Hi Allseasons89, yes I am doing ok, thankyou, but like all life cycles, I am in the 4 stage of the Weinstein one, and accept that with good grace. The dynamics of the market are really great for keeping the brain active and when you get older, you don't worry so much about risk having got into the habit of managing it and betting with what you can afford to lose. I hope what I have written below is what you are seeking. Of course its complex, but you have to start somewhere if you want to succeed.
There is not a person alive that has not copped a loss. It does not matter if you can learn from it and you have not lost your skin so as to go in again with a wiser head to build a kitty. It is important to fight the need to be 100% accurate, but take profits or protect them with minimum loss. Seven percent is a loss standard some use until they build a big kitty enough to trade in the shadow of market makers in order to break even after copping three losses in a row. Market makers press stops, fudge scans with trades after the bell, employ role players to make comment on social media etc. etc., but in time you learn their limits with Gann or Fibonacci. Those that trade on pure TA look at it in terms of a win loss ratio and target prices whether going for upside or shorting for downside big or small because there are cycles within cycles. An Elliot wave is a prime example which I often explore. It, like a Gartley pattern uses Fibonacci numbers and has high probability of predicting pivots and time frames. The other thing to be aware of is the energy levels within a cycle so as targets can be set realistically or the position held. Finally, the stage in a cycle which is really a bigger map of money flow should make you aware when there is about to be an inversion approaching or to expect change and therefore to position yourself accordingly. This is where the structure within the cycle has to be examined for symmetry (I use point and Figure charting for that) or patterns such as head and shoulders, double tops, double bottoms, bullish triangles, bear flags, Gartely harmonic patterns, candlesticks to add to awareness to pull the trigger on the setup along with moving averages.

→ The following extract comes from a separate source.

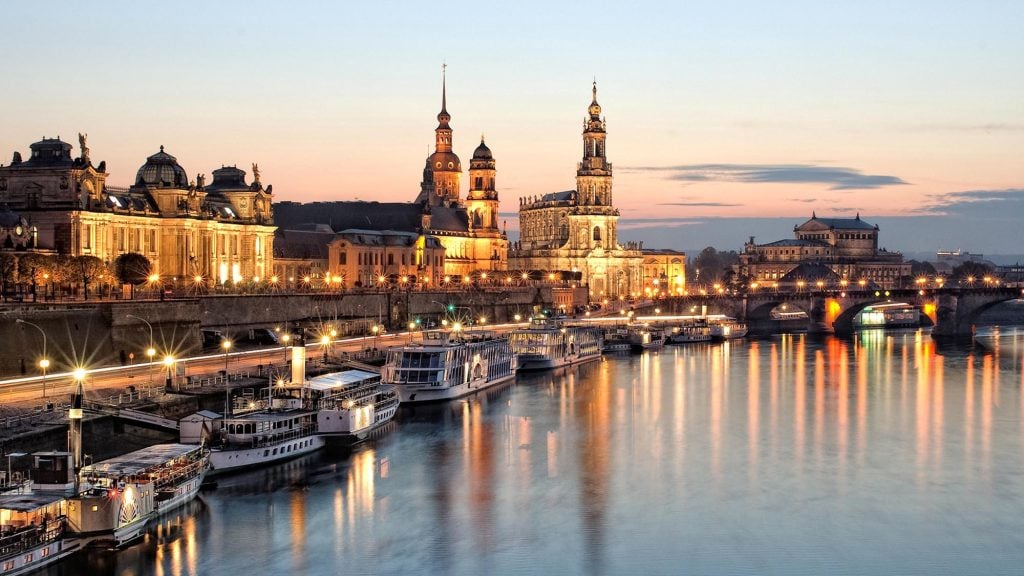 Der Blick über die Elbe auf Dresden und die Altstadt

Mathematical techniques using fractals and standard deviation from the average can be used too because over time despite the market makers things seem return to the average in trend if they don't go broke. There are just so many indicators to choose from, but the trick is to keep it a simple as possible in relation to your level of understanding. That is different for me after 40 years than someone who is new. It takes a decade to master it. For the lazy man's average I use Donchian channels which uses the median average. I used to use Bollinger bands which encompass standard deviation and adjust the lower band for less tolerance. The use of key moving averages are also critical in understanding pivot points and trends.
However, my investing/trading is a little more complex in that I hold a core and reduce average cost by trading swings and sometimes intraday. Knowledge of what part the of the market cycle you are in is invaluable for forecasting the direction of the market and the likely pivot points which can be traded in the market structure. Gann techniques or Fibonacci exploration provide high probability outcomes. I plot these often. Knowledge is important but it is how you use it is more important. You have to use it selectively. It is important to control emotions of anxiety, anger, greed and fear which block logical thinking to make the best of the cards dealt. The market is brutal and the market makers deliberately play with sentiment, with stops and fake news because volatility increases cashflow for them and they have the capacity to be on both sides of the trade and retail does not. The trick is not to get spooked to maintain objectivity to learn the games people play in each of the market stages, to look for zones rather than the optimal.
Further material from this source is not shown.